[Short text fragments from websites]
_ _ _ _ _
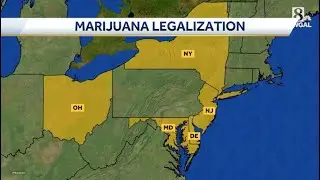 After neighboring Ohio votes to legalize adult-use Cannabis, is Pennsylvania next?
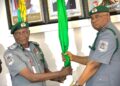 Aliyu Takes Charge at Customs FOU Zone A, Vows Relentless Crackdown on Smuggling Networks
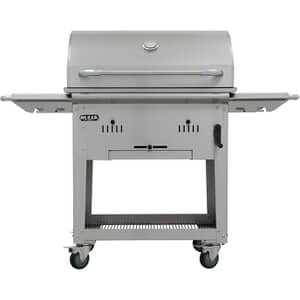 Bull Bison Premium Cart Charcoal BBQ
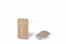 Stazakken bruin kraft - 110 x 185 x 70 mm, 250 ml | Enveloppenland.be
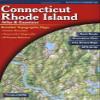 Connecticut/Rhode Island Atlas and Gazetteer (Connecticut, Rhode Island Atlas & Gazetteer) by DeLorme (2010) Map view 1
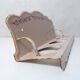 vintage powder pink enamelled steel plant stand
_ _ _ _ _
■ INSTRUCTIONS TO FOLLOW:
Copy out all of the data word for word. Do not carry over any picture.

■ SOLUTION TO THIS PROBLEM:
 After neighboring Ohio votes to legalize adult-use Cannabis, is Pennsylvania next?
 Aliyu Takes Charge at Customs FOU Zone A, Vows Relentless Crackdown on Smuggling Networks
 Bull Bison Premium Cart Charcoal BBQ
 Stazakken bruin kraft - 110 x 185 x 70 mm, 250 ml | Enveloppenland.be
 Connecticut/Rhode Island Atlas and Gazetteer (Connecticut, Rhode Island Atlas & Gazetteer) by DeLorme (2010) Map view 1
 vintage powder pink enamelled steel plant stand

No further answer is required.